> PROBLEM REQUIREMENTS: Leaving out all pictures, transcribe the lines below exactly, from the first through the line containing "30ml Spicy Spell by Saroma Perfumes".

(Items from a data source)

>>>

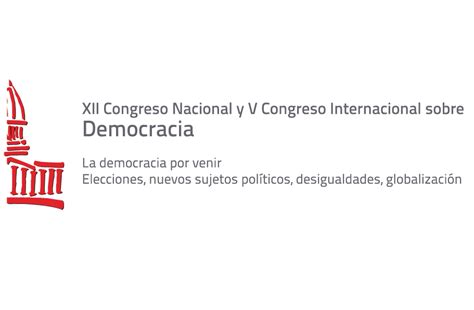 Investigador del CERI participó con ponencia en el XII Congreso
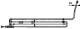 Ölkühler, Lenkung - CLC44000P MAHLE - 056005N, 17217507976, 376726201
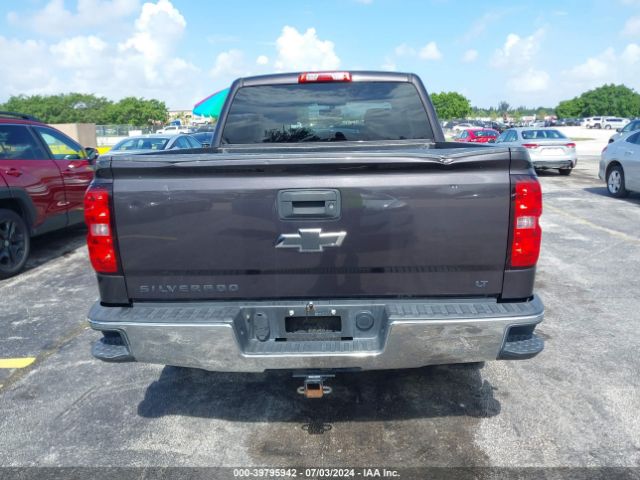 3GCUKREC2FG339107 Chevrolet Silverado 1500 1lt/2lt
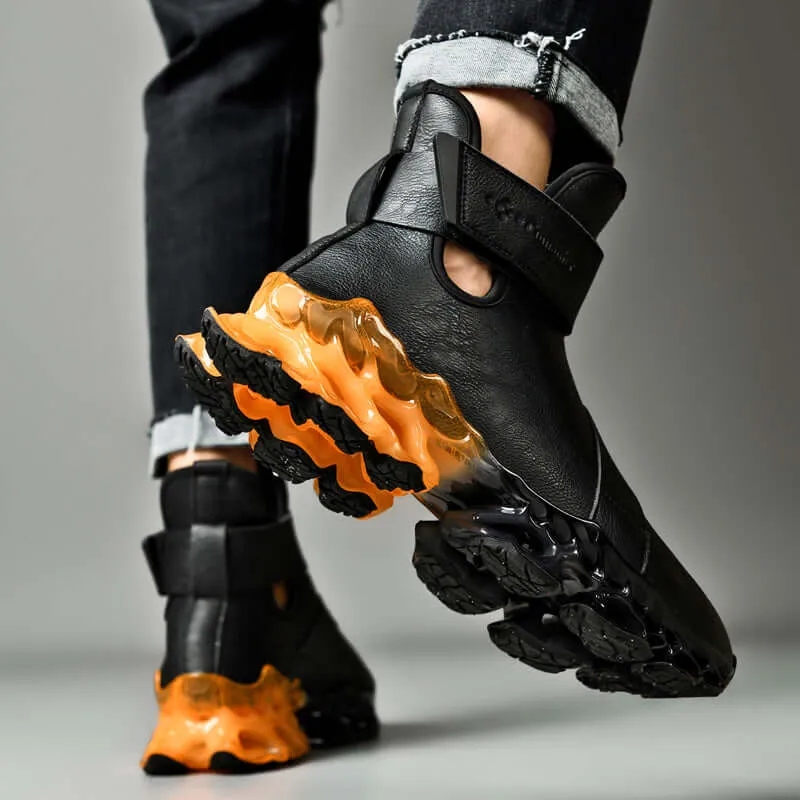 Comanier Sneakers Original best Chunky shoes 2022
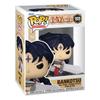 Funko Pop Inuyasha 1929 Bankotsu Collectible Figure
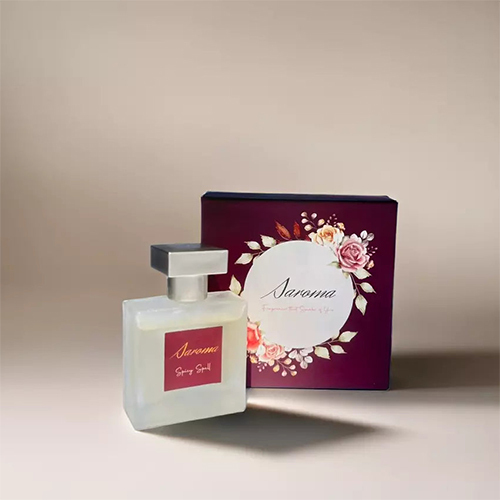30ml Spicy Spell by Saroma Perfumes
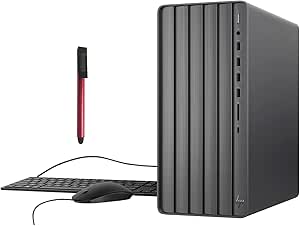 HP Core i5 Envy Business Desktop Computer W11 Pro — main product image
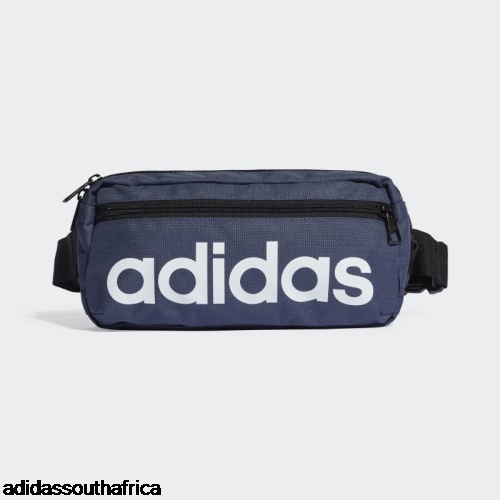 Essentials Bum Bag Navy Adidas South Africa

<<<

> YOUR SOLUTION:
 Investigador del CERI participó con ponencia en el XII Congreso
 Ölkühler, Lenkung - CLC44000P MAHLE - 056005N, 17217507976, 376726201
 3GCUKREC2FG339107 Chevrolet Silverado 1500 1lt/2lt
 Comanier Sneakers Original best Chunky shoes 2022
 Funko Pop Inuyasha 1929 Bankotsu Collectible Figure
30ml Spicy Spell by Saroma Perfumes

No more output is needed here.